Speaker: Mr. Dheeraj Prasanna

Affiliation: M.Tech. (Res) Alumnus, ECE Dept, IISc Bangalore

Date and Time: June 25, 2021 (Friday), 5:45 PM to 6:30 PM

Talk Recording YouTube Link: https://youtu.be/GahzatcWNwc

Abstract:

In this talk, we focus on the recovery of sparse vectors with correlated non-zero entries from their noisy low dimensional projections. Specifically, we consider the technique of covariance matching, where we first estimate the covariance of the signal from compressed measurements, and then use the obtained covariance matrix as a plug-in to the linear minimum mean squared estimator to obtain an estimate for the sparse vector. We present a novel parametric Gaussian prior model, inspired by sparse Bayesian learning (SBL), which captures the underlying correlation in addition to sparsity. Based on this prior, we develop a novel Bayesian learning algorithm called Corr-SBL, using the expectation-maximization procedure. We then apply Corr-SBL to the channel estimation problem in mmWaveMIMO systems employing a hybrid analog-to-digital architecture. We use channel measurements in the pilot transmission phase to estimate the channel across multiple coherence blocks. We show the efficacy of the Corr-SBL prior by analyzing the error in the channel estimates. Our results show that, compared to genie-aided estimators and other existing sparse recovery algorithms, exploiting both sparsity and correlation results in significant performance gains, even under imperfect covariance estimates obtained using a limited number of samples.This talk is based on joint work with Prof.
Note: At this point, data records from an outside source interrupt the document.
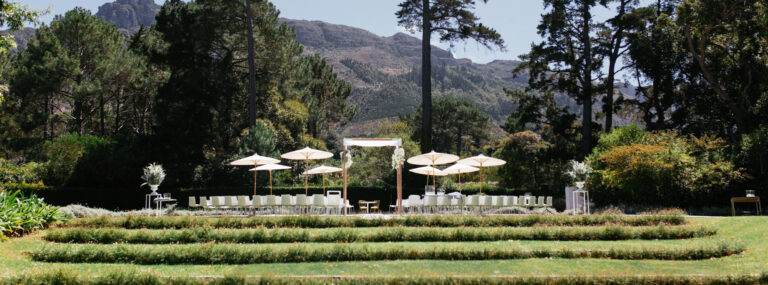 Ceremony seating on the terraced lawn, The Forum Embassy Hill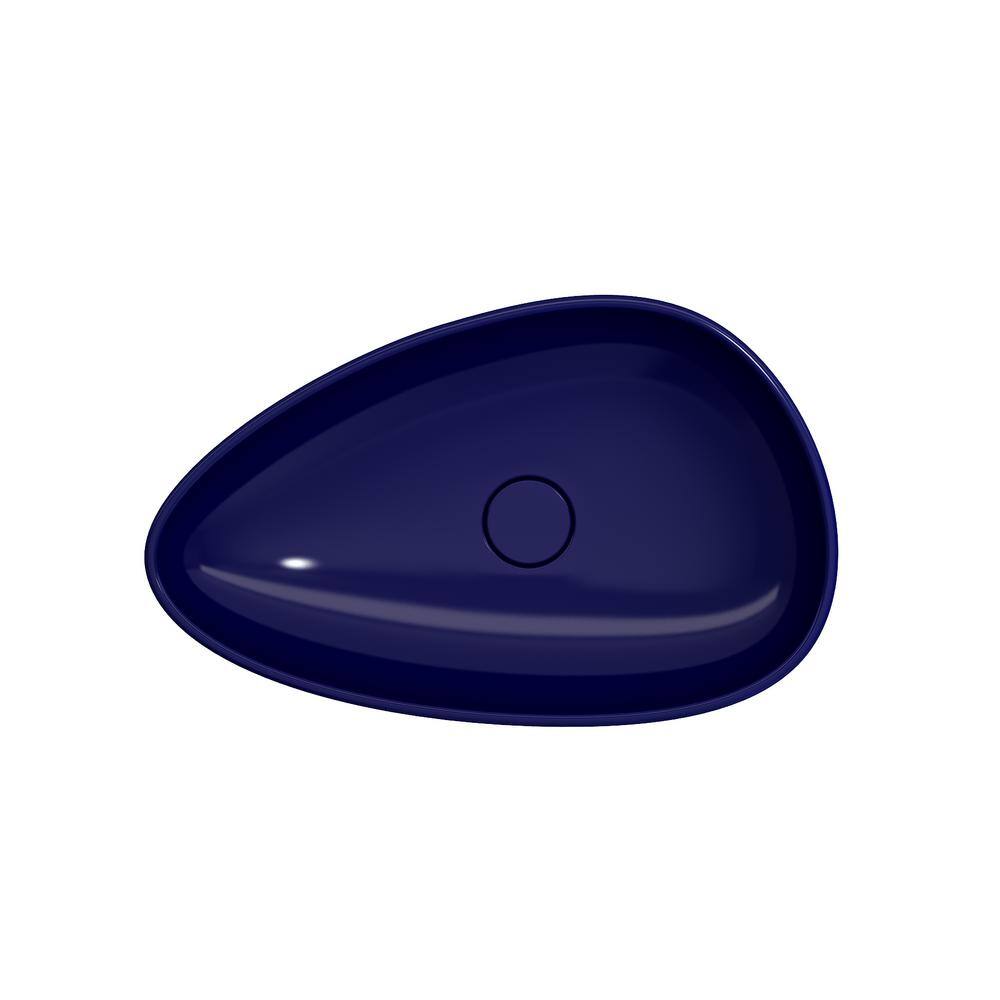 Sapphire Blue Ceramic Palette Shaped Vessel Sink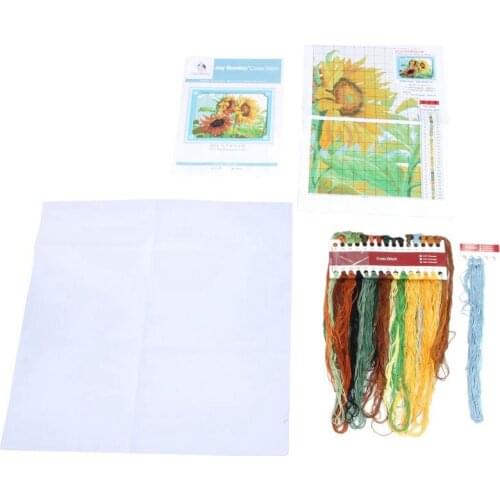 DIY Hand Knitting Count Cross Stitch Set Embroidery Set 14CT Wind Sunflower Pattern Cross Stitch 48 * 38cm Home Decoration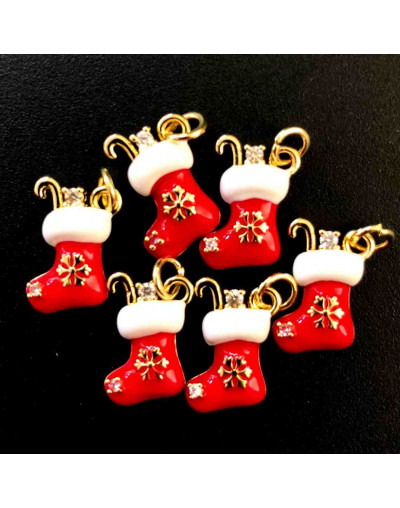 Navidad: Calcetín (1). Aleación de cobre. Baño 18k Gold. 16x12 milímetros. 5 mm arandela. 1 ud.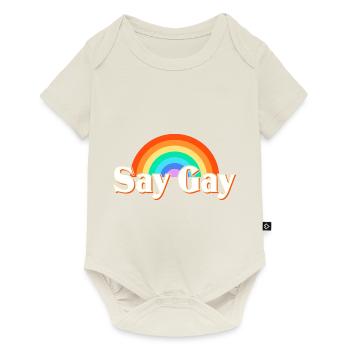 LGBT Say Gay - Body à manches courtes Premium Bébé - blanc cassé - Devant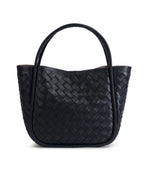 Portland Black Woven Leather Top Handle Bag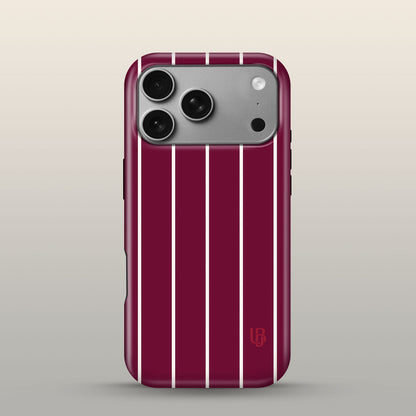 Maroon Pinstripe Eclipse Case on iPhone 18 Pro Silver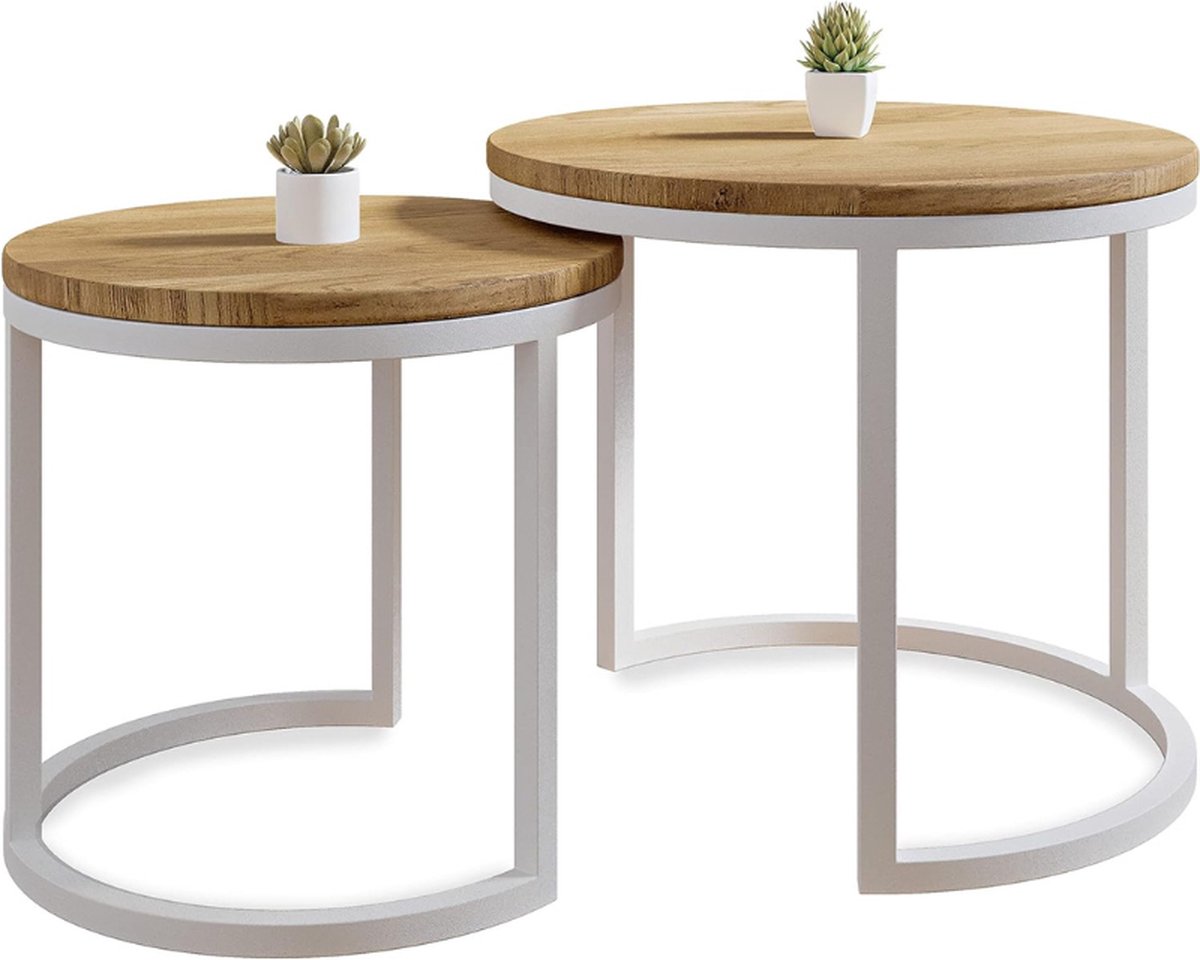 Set Van 2 Ronde Salontafels Modena - Handgemaakt Van Massief Natuurlijk Eikenhout Met Modern Minimalistisch Industrieel Design (Ø50x43 Cm / Ø40x38 Cm)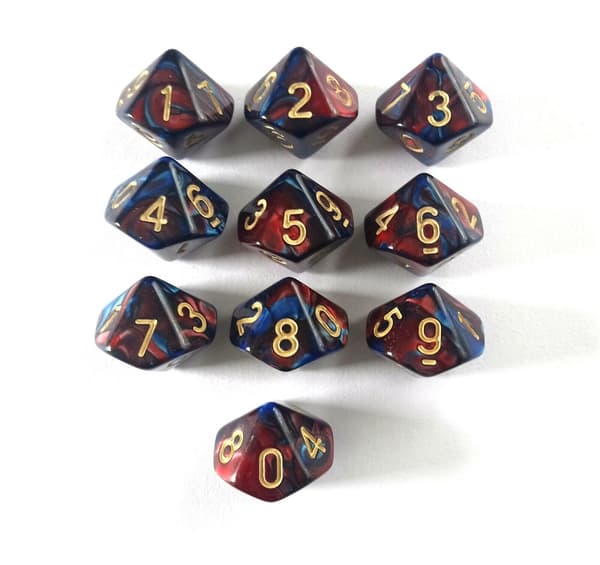 Shadowburg RPG-tärningar Tiosidiga D10-tärningar 0-9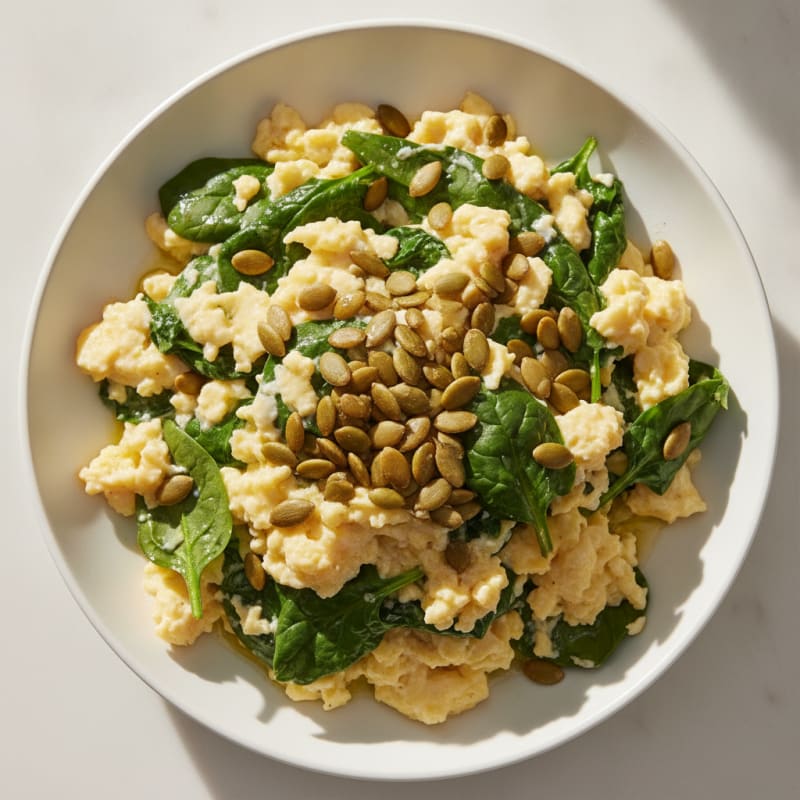 Scrambled Eggs with Baby Spinach and Toasted Pumpkin Seeds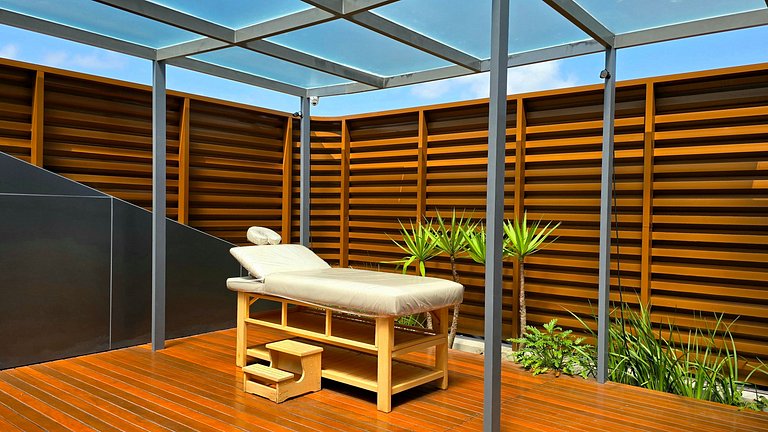 Studio luxo pé na areia com vista lateral para mar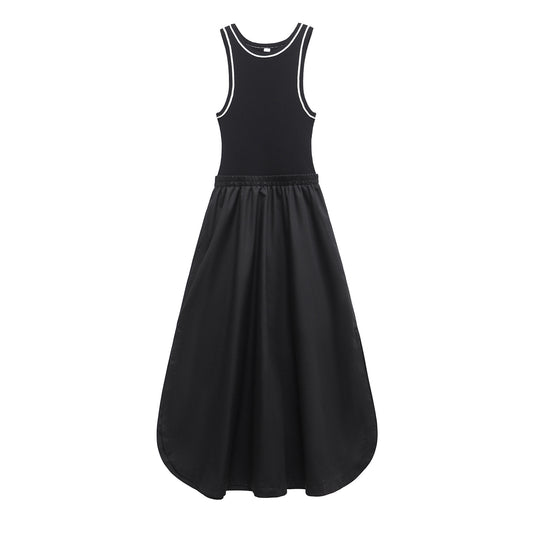Striped patchwork round neck sleeveless dress for women
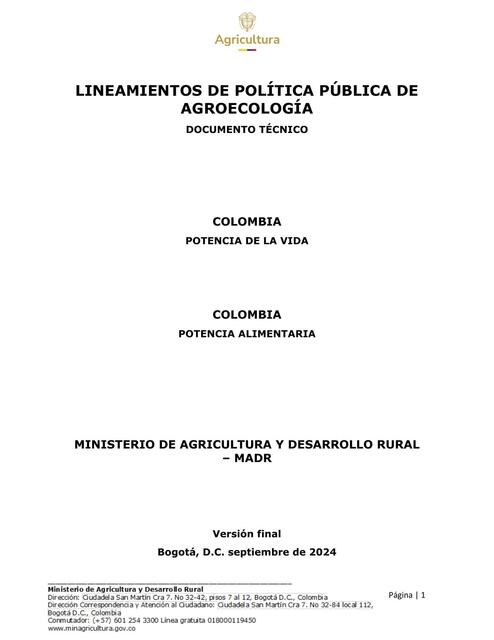 Documento Técnico Lineamientos de Política Públ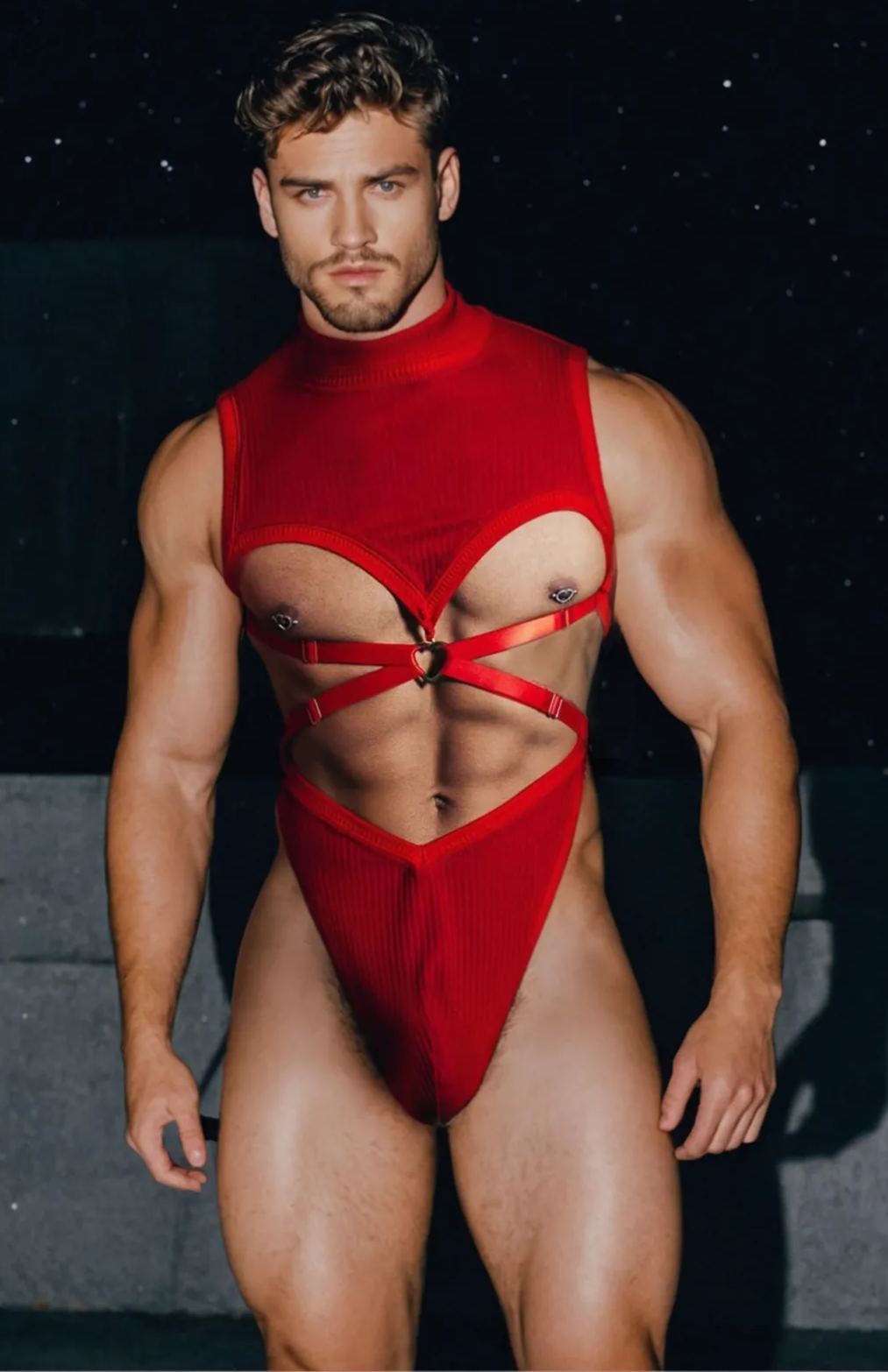 Bold Red High-Cut Men's Sexy Bodysuit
Chandra R. Murthy.

Biography:

Dheeraj Prasanna received the B. E. degree in Electronics and Communication Engineering from Rashtreeya Vidyalaya  College of Engineering (RVCE), Bangalore in 2018.  He recently defended his M.Tech  (Research) thesis from the Department of Electrical Communication Engineering at the Indian Institute of Science, Bangalore under  the guidance of Prof. Chandra R. Murthy. Currently he is working  as a modem  systems engineer in Qualcomm’s Bangalore Wireless R&D division. His research interests are in the areas of compressed sensing, Bayesian learning and wireless communications.